The effect of cathodic current density on the microstructure of electrochemically produced nanostructured powders of NixMo1–x alloys

Nanostructured NixMo1–x alloy powders were produced by electrochemical deposition from nickel–sulphate and sodium–molybdate ammonia solutions in the current density range of 50–500 mA cm−2. The chemical composition of the powders has been found to depend on the cathodic current density for the simultaneous reactions of induced molybdenum and nickel codeposition and hydrogen evolution. As the cathodic current density increases, over the current density range of 50–500 mA cm−2, the content of molybdenum in the alloy decreases from 7 mol.% to 0.4 mol.%. The molybdenum content decreases rapidly with an increase in current density from 50 mA cm−2 to 200 mA cm−2. A further increase in current density produces a slight decrease in the molybdenum content. X-ray diffraction (XRD) analysis determined that the obtained powders contained an amorphous phase and nanocrystals arranged in a face-centred cubic lattice (FCC).

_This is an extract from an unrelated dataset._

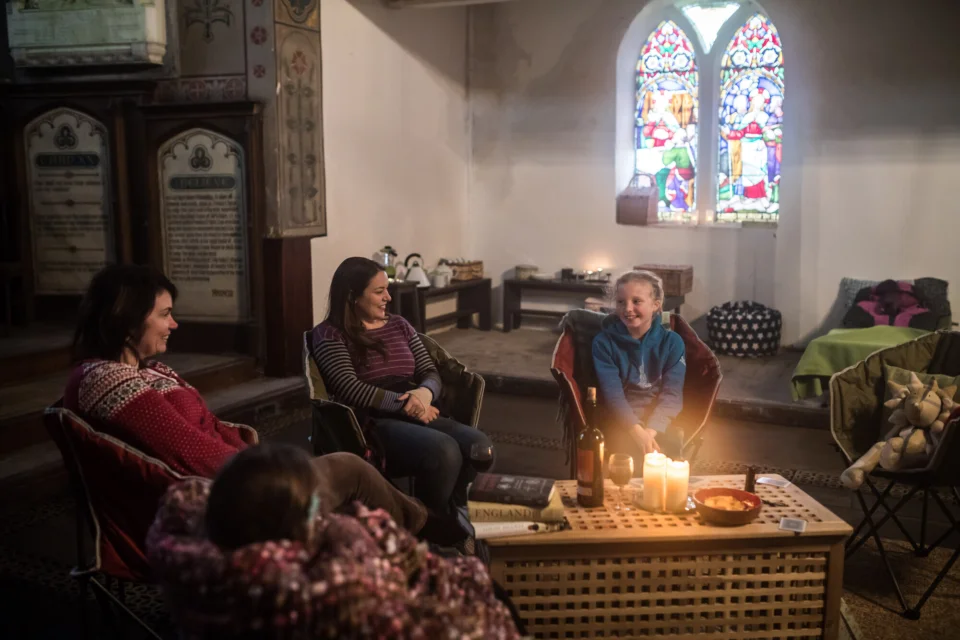 Three people sitting on chairs around a coffee table with a decorative screen to the left and stained glass window behind.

The amorphous phase exists between nanocrystal grains, its percentage in the produced powders being relatively small. The size of nanocrystals is dependent on the cathodic current density for powder production and on the molybdenum content in the alloy. The increase in current density from 50 mA cm−2 to 200 mA cm−2 induces an increase in mean nanocrystal value from 13 nm to 21 nm. Further current density increases result in a decrease in the mean nanocrystal size to 17.5 nm at j = 500 mA cm−2. The size of the crystals produced in the current density range of 50–200 mA cm−2 is generally dependent on the molybdenum content in the alloy. The crystal dimensions of the powders produced at j > 200 mA cm−2 were affected by the cathodic current density. The increases in both the cathodic current density for powder production and the molybdenum content in NixMo1–x alloys resulted in a greater amorphous phase percentage and smaller crystal grains of the FCC phase with a higher density of chaotically distributed dislocations and a higher level of microstrain.